Published online by Cambridge University Press: 05 June 2012
Overview: The most common application of concealed information detection is crime knowledge assessment in crime suspects. The validity of this application has mainly been investigated in healthy subjects. Criminals may differ in important aspects from healthy subjects. Psychopathy, for example, is quite common among criminal populations. Psychopathy is characterized by affective–interpersonal (e.g., shallow affect) and behavioral–lifestyle (e.g., impulsivity) features. The latter is associated with physiological hyporesponsivity, and could threaten the validity of concealed information detection. I will review empirical research that has examined this possibility. Directions for future research will be discussed.

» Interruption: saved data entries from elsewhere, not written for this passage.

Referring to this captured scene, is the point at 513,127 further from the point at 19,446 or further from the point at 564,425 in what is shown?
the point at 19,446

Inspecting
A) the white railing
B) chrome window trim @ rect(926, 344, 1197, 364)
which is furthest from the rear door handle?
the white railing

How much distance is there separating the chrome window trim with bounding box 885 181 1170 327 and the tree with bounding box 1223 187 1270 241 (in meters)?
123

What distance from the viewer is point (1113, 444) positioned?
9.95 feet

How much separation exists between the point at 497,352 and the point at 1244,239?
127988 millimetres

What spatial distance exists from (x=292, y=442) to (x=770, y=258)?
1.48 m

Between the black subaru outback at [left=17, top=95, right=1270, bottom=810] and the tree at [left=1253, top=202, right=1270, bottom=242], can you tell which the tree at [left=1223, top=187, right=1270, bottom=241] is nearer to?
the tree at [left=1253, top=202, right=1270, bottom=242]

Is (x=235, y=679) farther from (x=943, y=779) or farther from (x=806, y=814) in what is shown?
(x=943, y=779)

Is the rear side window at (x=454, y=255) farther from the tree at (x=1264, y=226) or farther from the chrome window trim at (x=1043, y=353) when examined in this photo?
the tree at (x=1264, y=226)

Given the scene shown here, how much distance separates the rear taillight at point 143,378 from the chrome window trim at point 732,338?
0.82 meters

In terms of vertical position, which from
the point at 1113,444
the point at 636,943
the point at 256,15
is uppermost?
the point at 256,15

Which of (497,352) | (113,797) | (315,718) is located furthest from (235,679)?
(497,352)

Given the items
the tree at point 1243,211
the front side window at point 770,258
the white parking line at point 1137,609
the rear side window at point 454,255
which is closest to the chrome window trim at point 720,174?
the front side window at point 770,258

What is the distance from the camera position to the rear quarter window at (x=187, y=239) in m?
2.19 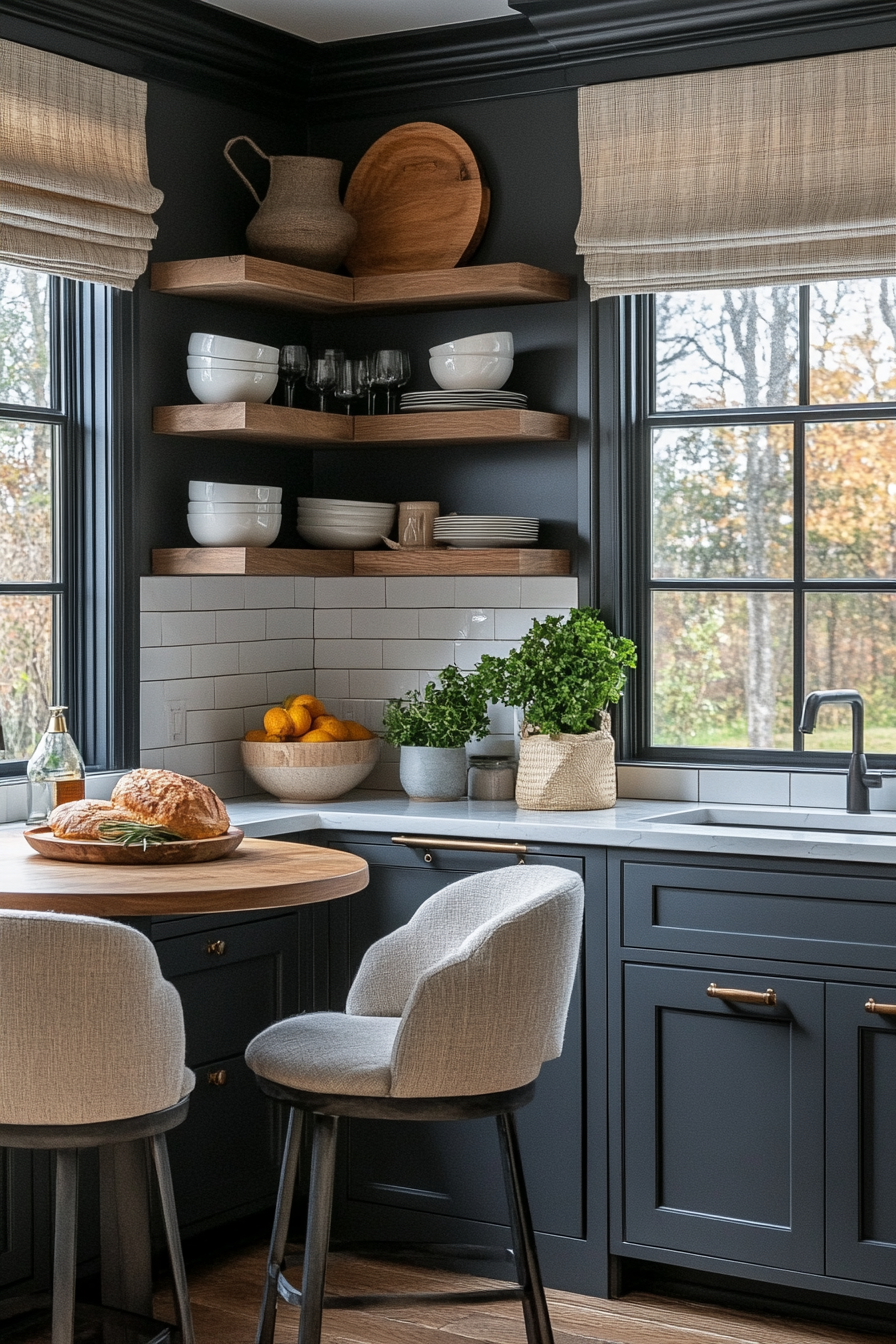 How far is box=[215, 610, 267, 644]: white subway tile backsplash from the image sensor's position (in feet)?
14.3

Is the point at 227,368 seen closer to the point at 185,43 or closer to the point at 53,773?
the point at 185,43

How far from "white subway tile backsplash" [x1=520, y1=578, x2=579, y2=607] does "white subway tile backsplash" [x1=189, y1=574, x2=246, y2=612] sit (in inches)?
29.1

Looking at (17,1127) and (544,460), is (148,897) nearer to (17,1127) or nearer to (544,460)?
(17,1127)

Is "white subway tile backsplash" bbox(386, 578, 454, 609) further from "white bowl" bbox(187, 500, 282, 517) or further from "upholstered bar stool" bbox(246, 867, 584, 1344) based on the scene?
"upholstered bar stool" bbox(246, 867, 584, 1344)

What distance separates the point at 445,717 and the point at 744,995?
1065 millimetres

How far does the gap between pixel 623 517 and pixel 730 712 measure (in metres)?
0.56

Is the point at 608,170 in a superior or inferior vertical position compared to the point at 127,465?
superior

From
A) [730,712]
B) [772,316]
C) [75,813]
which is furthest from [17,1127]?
[772,316]

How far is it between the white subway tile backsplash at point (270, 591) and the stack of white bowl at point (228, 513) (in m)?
0.34

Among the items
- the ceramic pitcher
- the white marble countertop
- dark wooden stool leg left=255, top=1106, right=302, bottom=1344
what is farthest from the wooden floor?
the ceramic pitcher

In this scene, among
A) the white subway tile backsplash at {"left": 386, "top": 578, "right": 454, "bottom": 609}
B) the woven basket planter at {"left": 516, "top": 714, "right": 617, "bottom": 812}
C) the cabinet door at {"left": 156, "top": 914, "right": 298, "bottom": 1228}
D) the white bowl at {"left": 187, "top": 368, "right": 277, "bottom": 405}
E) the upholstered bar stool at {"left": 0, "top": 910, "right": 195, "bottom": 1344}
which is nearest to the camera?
the upholstered bar stool at {"left": 0, "top": 910, "right": 195, "bottom": 1344}

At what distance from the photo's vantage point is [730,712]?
4.23 m

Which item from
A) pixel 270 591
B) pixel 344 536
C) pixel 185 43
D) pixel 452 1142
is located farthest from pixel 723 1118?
pixel 185 43

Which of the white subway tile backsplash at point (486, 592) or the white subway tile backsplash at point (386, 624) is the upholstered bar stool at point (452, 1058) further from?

The most common application of concealed information detection is to assess whether a crime suspect has intimate knowledge about the crime under investigation. A concern with this application is that – particularly under real-life circumstances (Elaad et al., 1992) – guilty suspects may escape detection. Several factors might explain this modest sensitivity. Guilty suspects may not remember certain crime details. Another, less investigated, source of error is individual differences in responsivity. Despite perfect recognition, some individuals do not respond to concealed information. From the very beginning, this was recognized by David Lykken, who stated that college students are “hardly representative of the average run of criminal suspects” and that “perhaps a proportion of the latter would not respond ‘normally’ in such a test” (p. 387; Lykken, 1959). Lykken did not specify who these non-normal responding individuals might be. We now know that mental disorders are very common in the prison population.